2) Os artigos 82.° CE e 86.° , n.° 1, CE opõem-se, em princípio, a uma regulamentação nacional como a que está em causa no processo principal, que permite atribuir, sem impor uma taxa específica, frequências suplementares na banda de frequências reservada à norma DCS 1800 a uma empresa pública em posição dominante já titular de uma licença para a prestação de serviços de telecomunicações móveis digitais baseadas na norma GSM 900, quando uma empresa que posteriormente entrou no mercado em causa teve de pagar uma taxa pela aquisição de uma licença para a prestação de serviços de telecomunicações móveis digitais baseadas na norma DCS 1800. Estas disposições não se opõem, no entanto, a uma tal regulamentação nacional se a taxa imposta à empresa pública em posição dominante pela sua licença GSM 900, incluindo a posterior atribuição, sem pagamento complementar, de frequências suplementares na banda de frequências reservada à norma DCS 1800, se revelar equivalente, em termos económicos, à taxa imposta ao concorrente a quem foi concedida a licença DCS 1800.

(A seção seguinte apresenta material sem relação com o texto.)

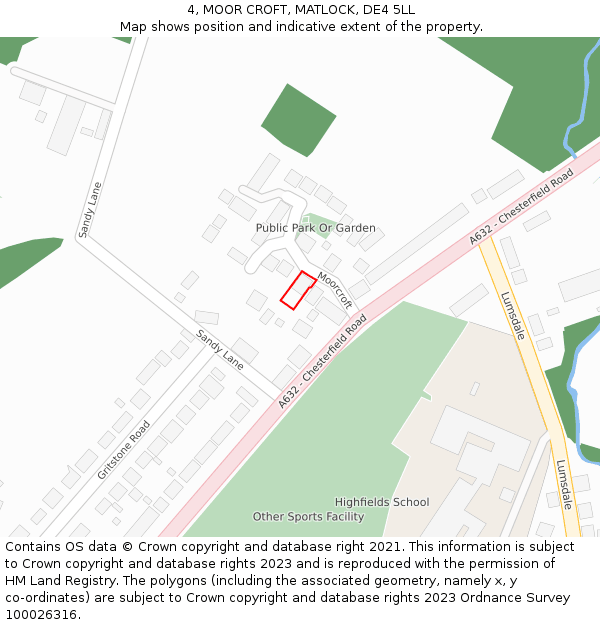 4, MOOR CROFT, MATLOCK, DE4 5LL: Location map and indicative extent of plot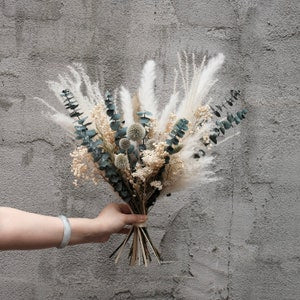 Bridal bouquet - Verde | Boho boutonni�re | Preserved flowers | Dried flowers | Boho Wedding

3) O artigo 2.° , n.os 3 e 4, da Directiva 96/2/CE da Comissão, de 16 de Janeiro de 1996, que altera a Directiva 90/388/CEE no que respeita às comunicações móveis e pessoais, opõe-se, em princípio, a uma regulamentação nacional como a que está em causa no processo principal, que permite atribuir, sem impor uma taxa específica, frequências suplementares na banda de frequências reservada à norma DCS 1800 a uma empresa pública em posição dominante já titular de uma licença para a prestação de serviços de telecomunicações móveis digitais baseadas na norma GSM 900, quando uma empresa que posteriormente entrou no mercado em causa teve de pagar uma taxa pela aquisição de uma licença para a prestação de serviços de telecomunicações móveis digitais baseadas na norma DCS 1800. Esta disposição não se opõe, todavia, a uma tal regulamentação nacional se a taxa imposta à empresa pública em posição dominante pela sua licença GSM 900, incluindo a posterior atribuição, sem pagamento complementar, de frequências suplementares na banda de frequências reservada à norma DCS 1800, se revelar equivalente, em termos económicos, à taxa imposta ao concorrente a quem foi concedida a licença DCS 1800.

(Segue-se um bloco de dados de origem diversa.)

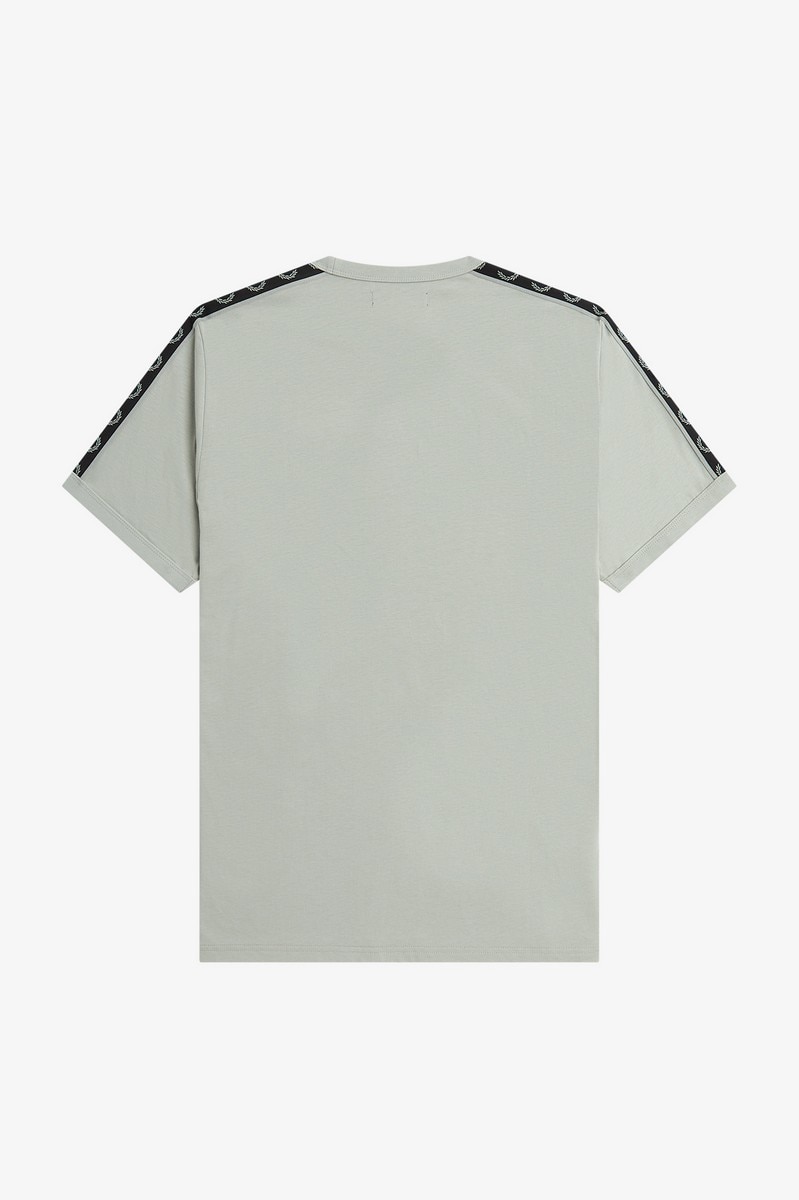 T-Shirt 'Contrast Tape Ringer' Cinzento-claro-2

4) O artigo 2.° , n.os 3 e 4, da Directiva 96/2 não se opõe a uma regulamentação nacional como a que está em causa no processo principal, que permite a atribuição, após o esgotamento de um prazo de, pelo menos, três anos desde a concessão da licença para a prestação de serviços de telecomunicações móveis digitais baseadas na norma DCS 1800, ocorrida em 1997, de um feixe limitado de frequências suplementares na banda de frequências reservada à norma DCS 1800 aos operadores já titulares de uma licença para a prestação de serviços de telecomunicações móveis digitais baseadas na norma GSM 900, incluindo a uma empresa pública em posição dominante. Esta disposição também não se opõe a uma regulamentação nacional como a que está em causa no processo principal, que permite essa atribuição antes do esgotamento desse mesmo prazo quando se demonstre que a capacidade de os referidos operadores aceitarem novos clientes se esgotou apesar da utilização de todas as possibilidades técnicas economicamente admissíveis.

5) A proibição de discriminação prevista nos artigos 9.° , n.° 2, e 11.° , n.° 2, da Directiva 97/13/CE do Parlamento Europeu e do Conselho, de 10 de Abril de 1997, relativa a um quadro comum para autorizações gerais e licenças individuais no domínio dos serviços de telecomunicações, não se opõe a uma regulamentação nacional como a que está em causa no processo principal, que permite atribuir, sem impor uma taxa específica, frequências suplementares na banda de frequências reservada à norma DCS 1800 aos operadores já titulares de uma licença para a prestação de serviços de telecomunicações móveis digitais baseadas na norma GSM 900, quando uma taxa foi imposta ao operador a quem foi concedida uma licença para a prestação de serviços de telecomunicações móveis digitais baseadas na norma DCS 1800, se a taxa imposta aos operadores já existentes pela sua licença GSM 900, incluindo a posterior atribuição, sem pagamento complementar, de frequências suplementares na banda de frequências reservada à norma DCS 1800, se revelar equivalente, em termos económicos, à taxa imposta ao operador titular da licença DCS 1800.